Location
- 29 Leroy St Potsdam, New York 13676 United States
- Coordinates: 44°40′30″N 74°58′50″W﻿ / ﻿44.6751°N 74.9805°W

Information
- School type: public, comprehensive secondary
- School district: Potsdam Central School District
- NCES District ID: 3623670
- Superintendent: Joann Chambers
- CEEB code: 334610
- NCES School ID: 362367003301
- Principal: Kristin Towne
- Grades: 9-12
- Gender: coed
- Enrollment: 379 (2020-2021)
- Colors: Orange & Blue
- Mascot: Sandstoners
- Website: www.potsdamcsd.org/potsdam-high-school/

= Potsdam High School =

Public school in New York, United States

Potsdam High School is a public four-year high school located in Potsdam, New York.
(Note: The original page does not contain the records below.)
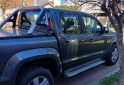 Camionetas - Volkswagen amarok 2023 Diesel 21500Km - En Venta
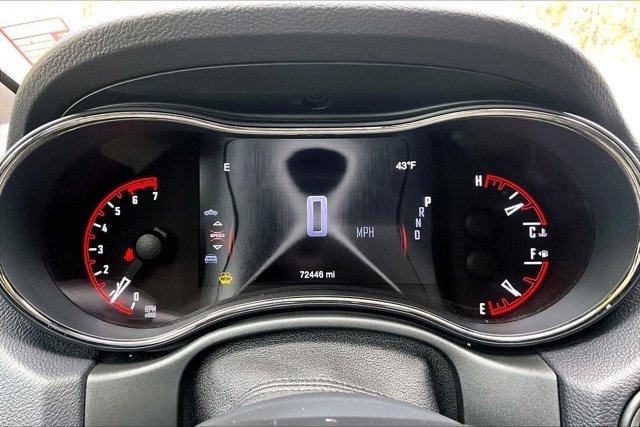 Used 2020 Dodge Durango R/T w/ Trailer Tow Group IV AWD/4WD image 13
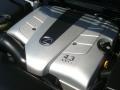 2001 Millenium Silver Metallic Lexus LS 430  photo #28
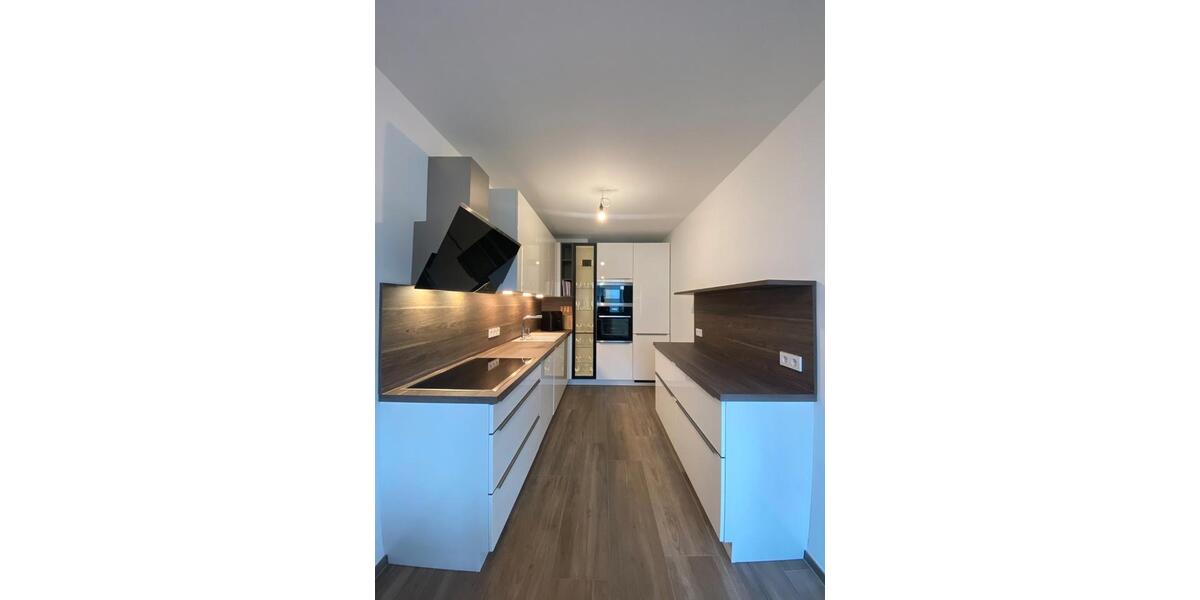 Etagenwohnung Wolfsburg Detmerode - 3 Zimmer, 84 m&sup2;, 190.000&euro; | Angebot:26249017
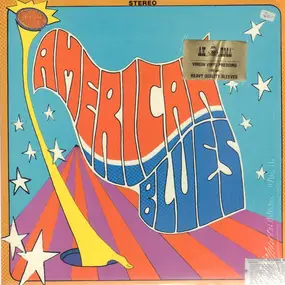 American Blues - Is Here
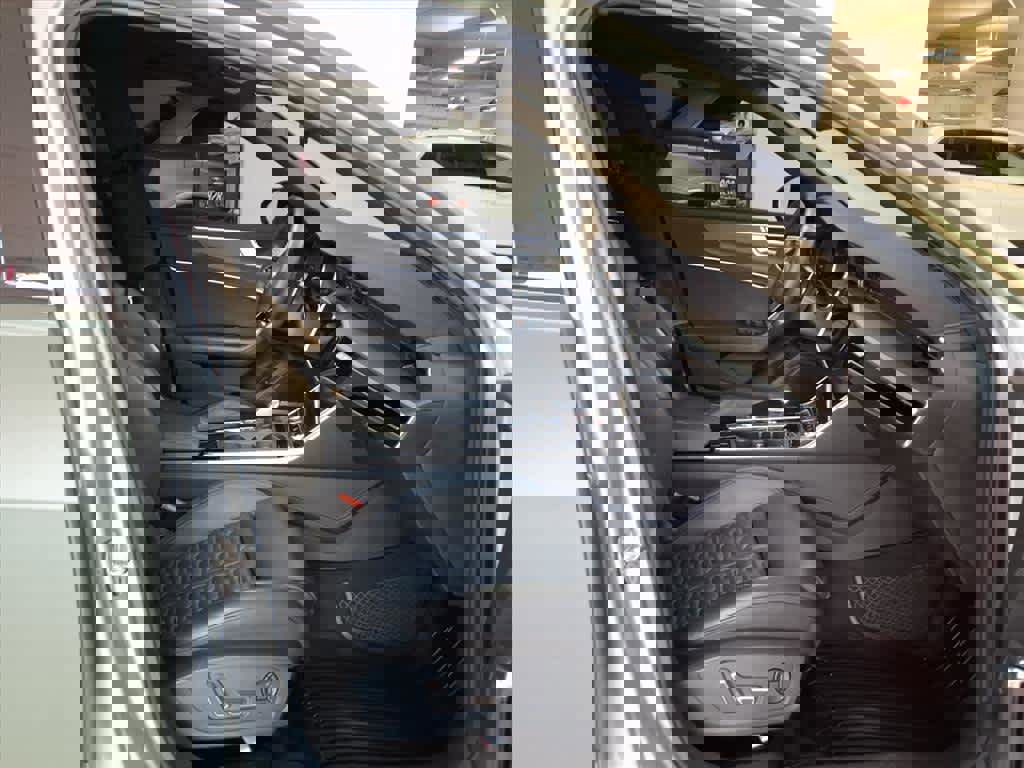 Used 2024 Audi RS 6 performance image 19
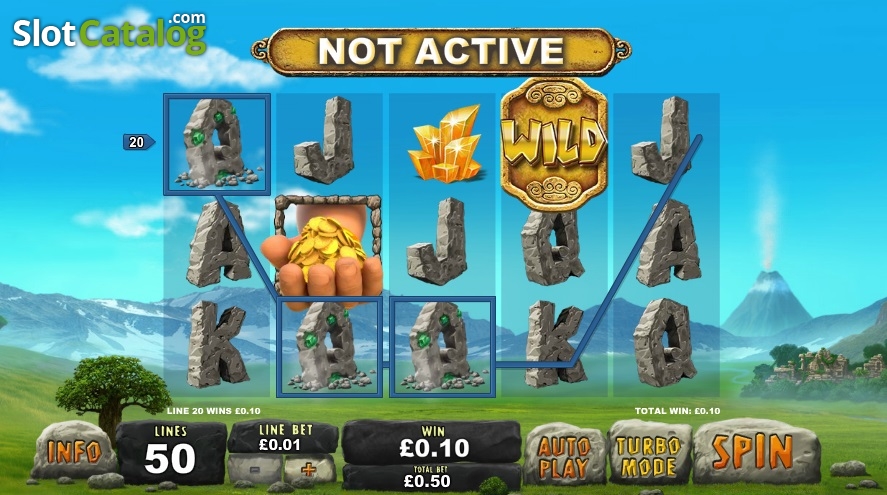 50 Extreme Hot Free Online Slots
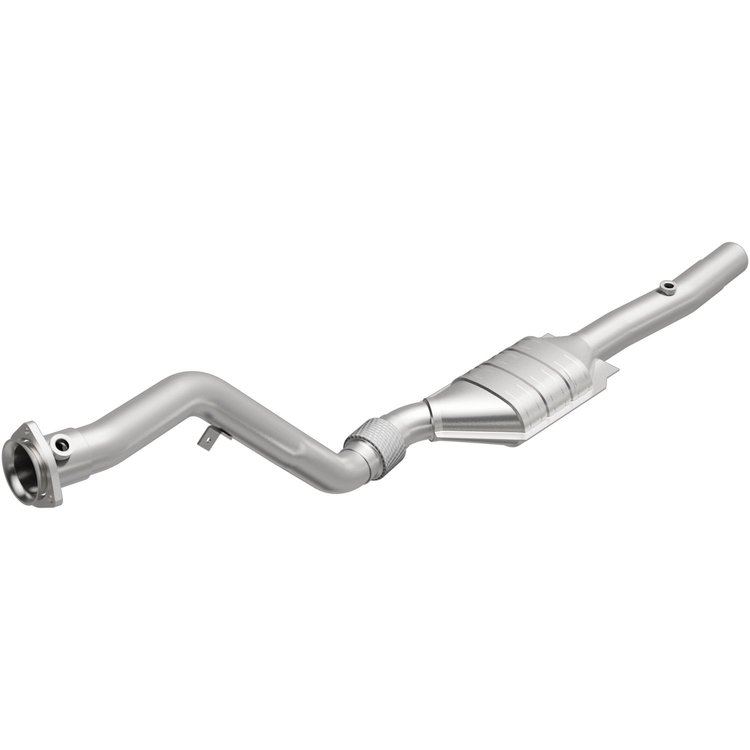 4481890 Direct-Fit Catalytic Converter for 2000 Audi A8 Quattro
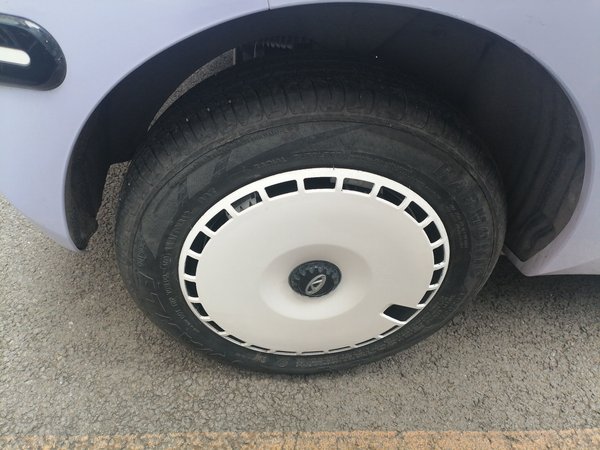 Chery QQ Ice Cream 2024, 7800 км, за 5150 USD - фото 29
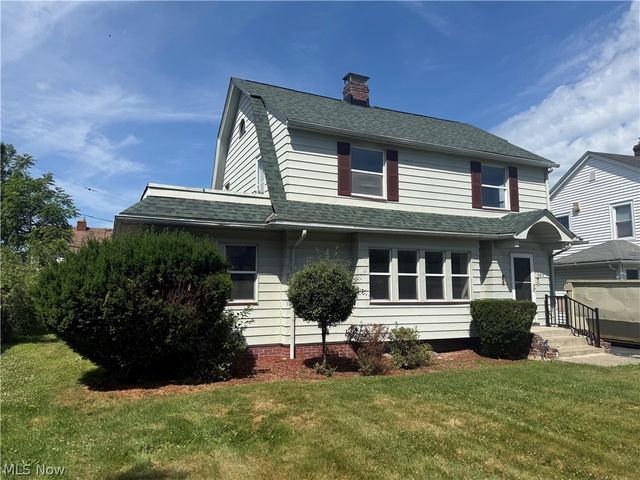 3012 Albion Road, Cleveland, OH 44120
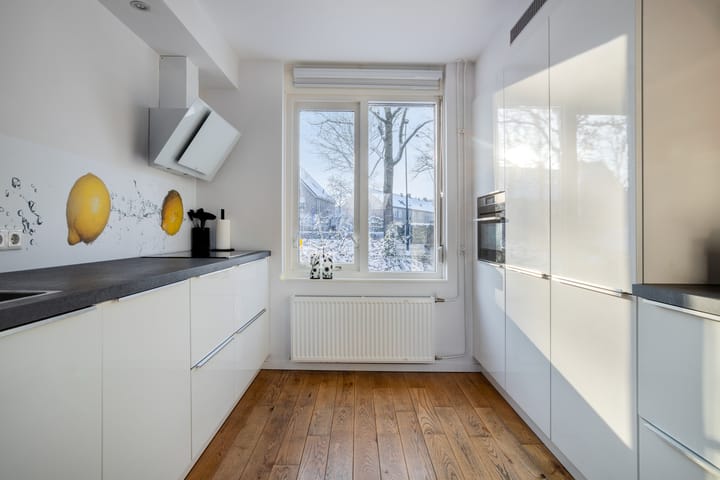 Foto 7 van Schoonhout 27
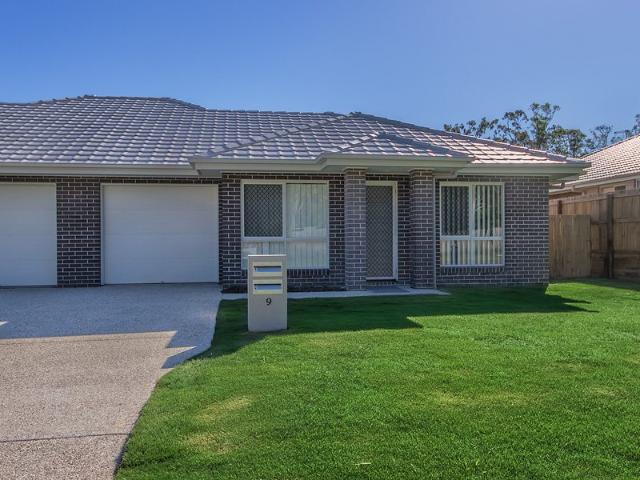House for rent in Loganlea, Greater Brisbane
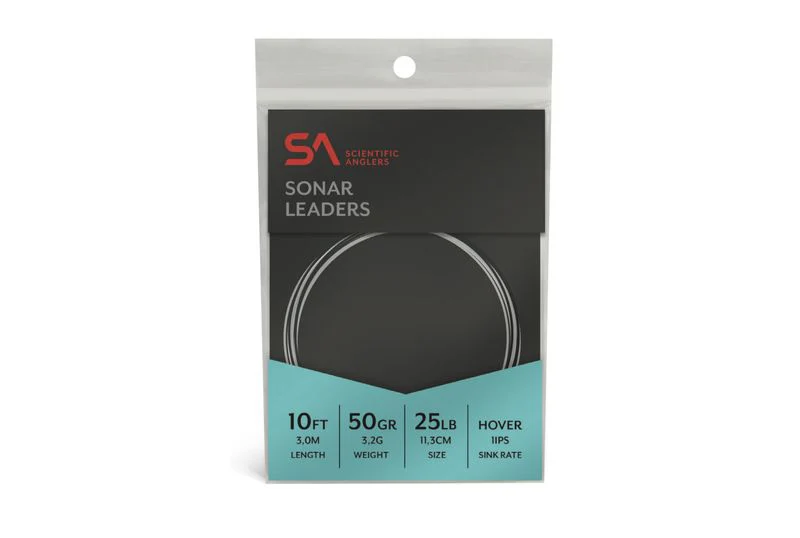Scientific Anglers Sonar 7' Polyleader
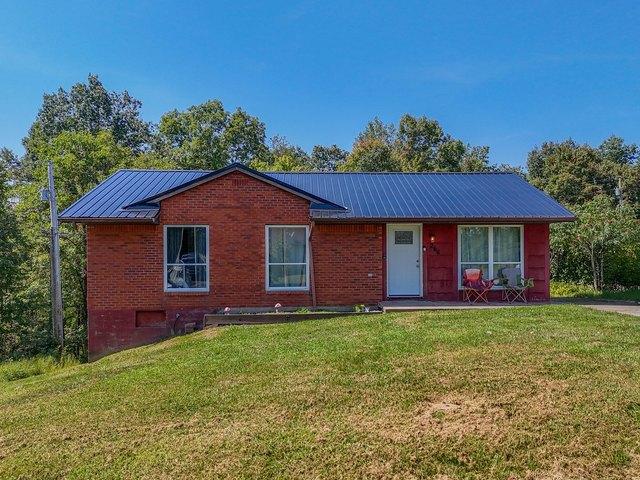 House for sale in Olive Hill, Kentucky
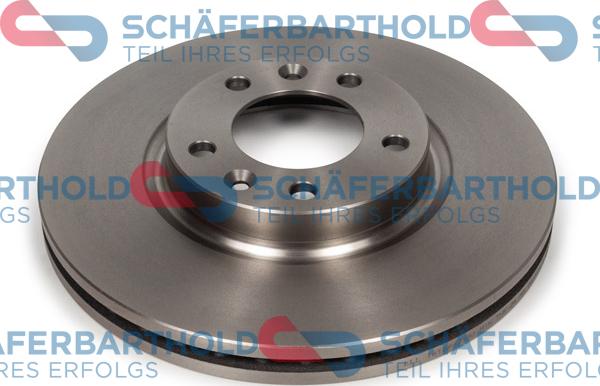 Schferbarthold 315 27 471 01 11 - Disque de frein cwaw.fr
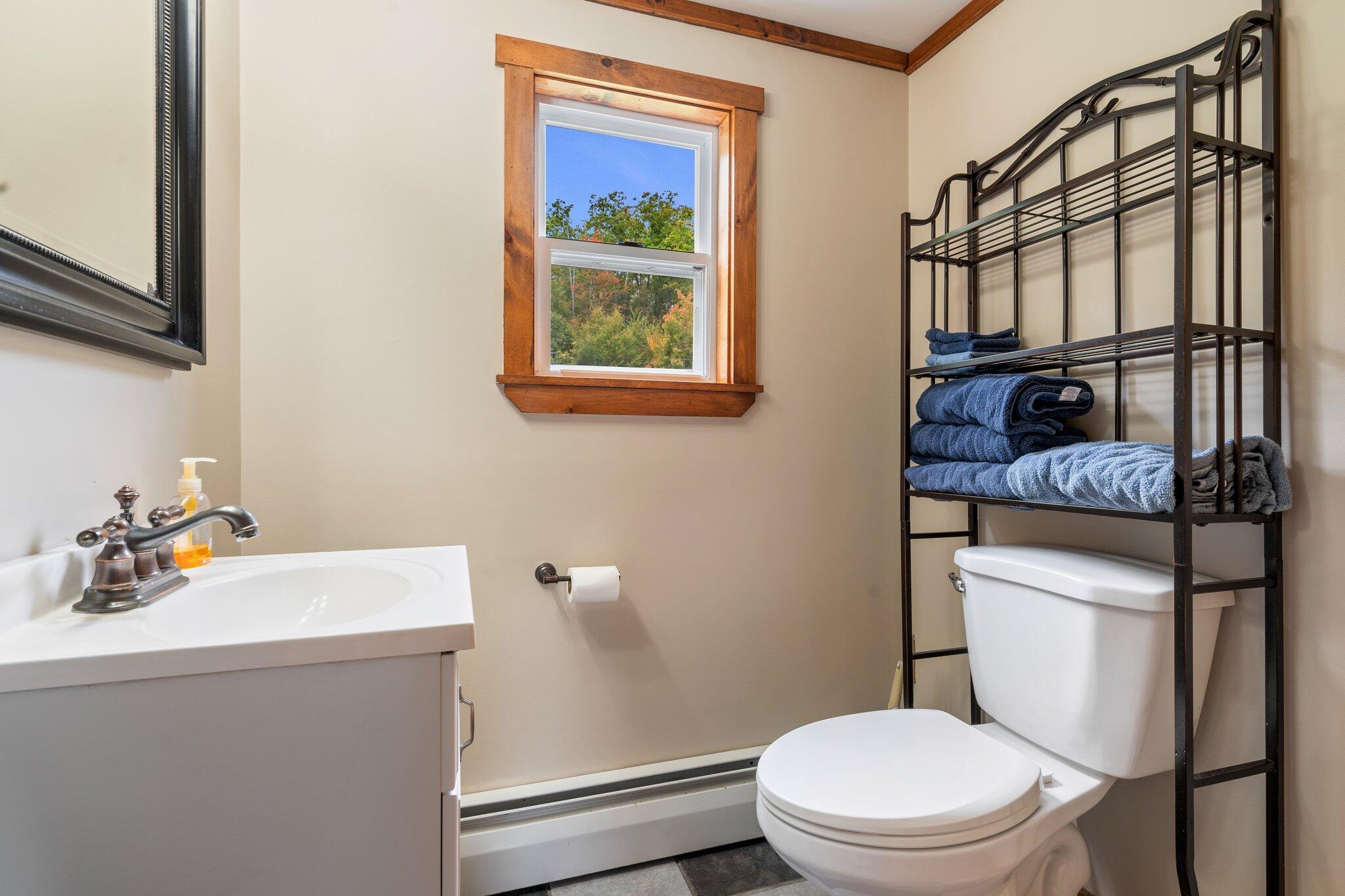 333 Green Woods Road Peru ME 04290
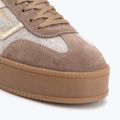 Кросівки жіночі GANT Cuzmani beige 7
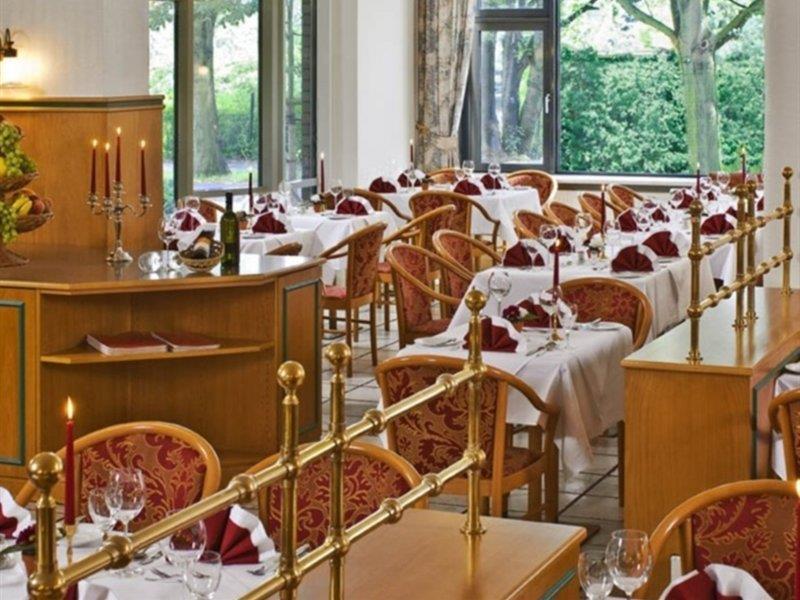 Comfort Hotel Weissensee Berlin Eksteriør bilde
It is operated by the Potsdam Central School District.

== Extracurriculars ==
=== Athletics ===
As of 2022, the school offered a variety of sports teams that include baseball, basketball, cheer, cross country, football, golf, ice hockey, lacrosse, soccer, swimming, softball, track and field, volleyball, and wrestling.

=== Quiz bowl ===
Potsdam High School won the WPBS-TV's Whiz Quiz contests in 2019 and was awarded the Glenn Gough Championship Trophy. Potsdam won the Glenn Gough Champhionship Trophy again in 2023.

=== Civic engagement ===
The Potsdam High School Positivity Club received a $10,000 grant from the KFC Foundation's Kentucky Fried Wishes program in September 2021 to help improve its community food market and obtain laptop computers for senior citizens.